TorchProcessGroup#

class nvmath.distributed.TorchProcessGroup(
*,
device_id: int | Literal['cpu'],
torch_process_group=None,
logger=None,
)[source]#

ProcessGroup implemented on torch.distributed.

Parameters:
  • device_id – Device used by the torch.distributed process group backend.

  • torch_process_grouptorch.distributed process group handle (e.g. returned by torch.distributed.new_group()), or None to use the default torch process group.

Attributes

MIN_ALL_REDUCE_OBJ_BUFFER_SIZE = 128#
allreduce_obj_buffer_size#

Current buffer size for allreduce_object() (in bytes)

device_id#

Device used by the communication backend of this torch process group.

nranks#
rank#

Methods

allreduce_buffer(
array: ndarray,
*,
op: ReductionOp,
) None[source]#

Allreduce an array.

Parameters:
  • array – Input and output of the collective. The function operates in-place.

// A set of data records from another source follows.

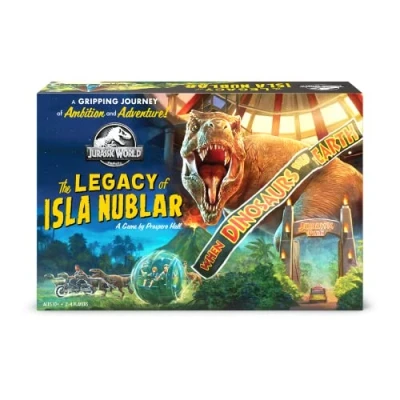 Image of Funko Games Jurassic Park: The Legacy Of Isla Nublar Strategy Adventure Board Game for Kids &amp; Adults Age 10 Years Up Family, 56323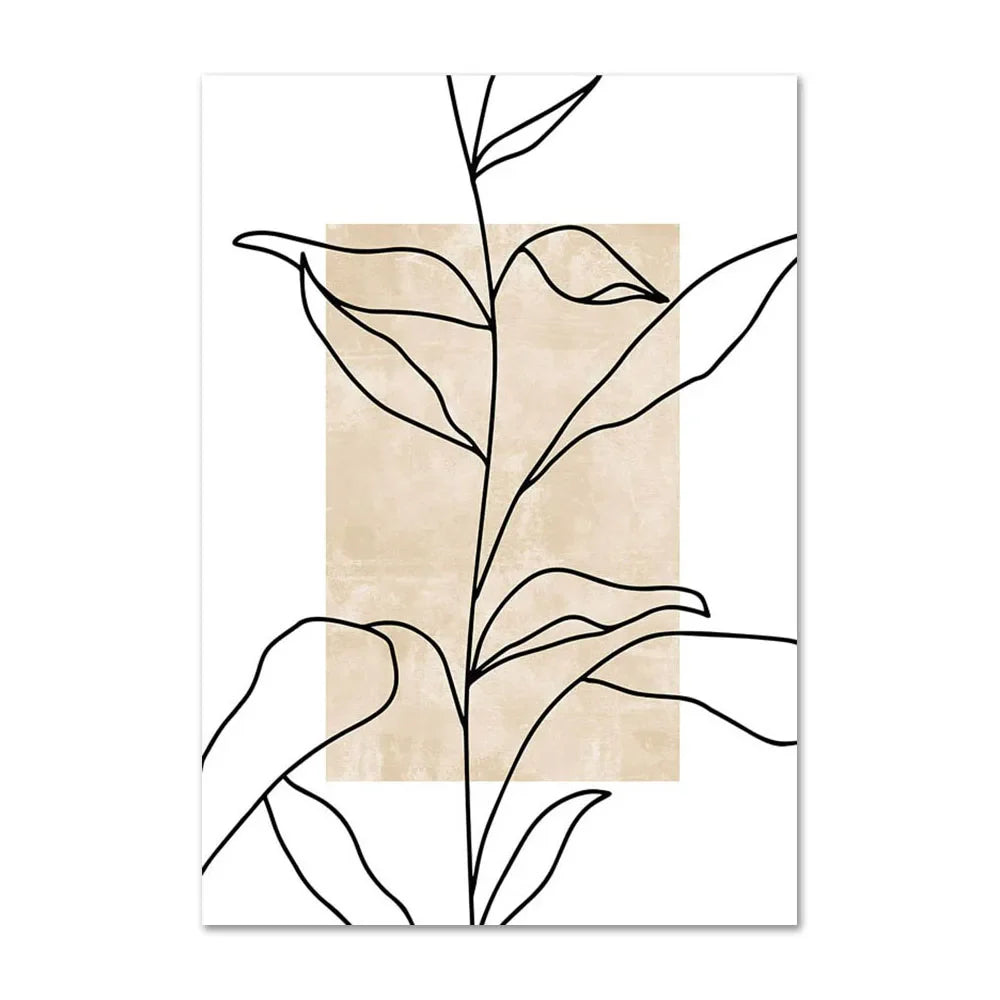 Lisslune | Vase & Bird Canvas Poster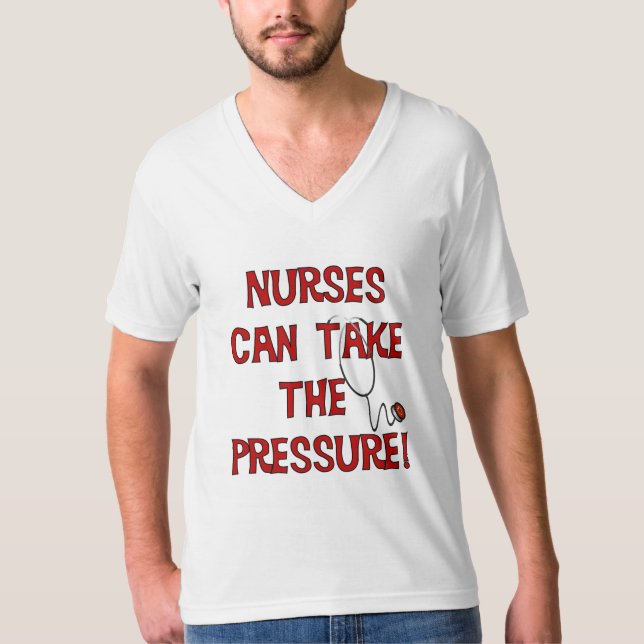 Camiseta Las enfermeras pueden tomar la presión (Anverso)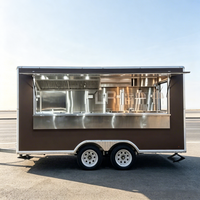 Conteneur mobile carré entièrement équipé et respirant pour café, design moderne, résistant au vent, idéal pour boutique, hôtel, restaurant, bar extérieur, vacances
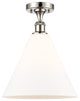 Innovations 516-1C-PN-GBC-121-LED 1 Light Semi-Flush Mount, Polished Nickel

  • op – One of the values from ReduceOp enum. Specifies an operation for element-wise reductions.

allreduce_object(
obj: T,
*,
op: Callable[[T, T], T],
) T[source]#

Reduces all Python objects contributed by members of the group. The result is a single reduced object which is returned on every process.

Parameters:
  • obj – object contributed by this process.

  • op – A Python function that takes two objects and returns a single (reduced) object.

broadcast_buffer(
array: ndarray,
*,
root: int = 0,
) None[source]#

Broadcast an array from one process to every process.

Parameters:
  • array – input (on root) and output of the collective.

  • root – rank of sending process.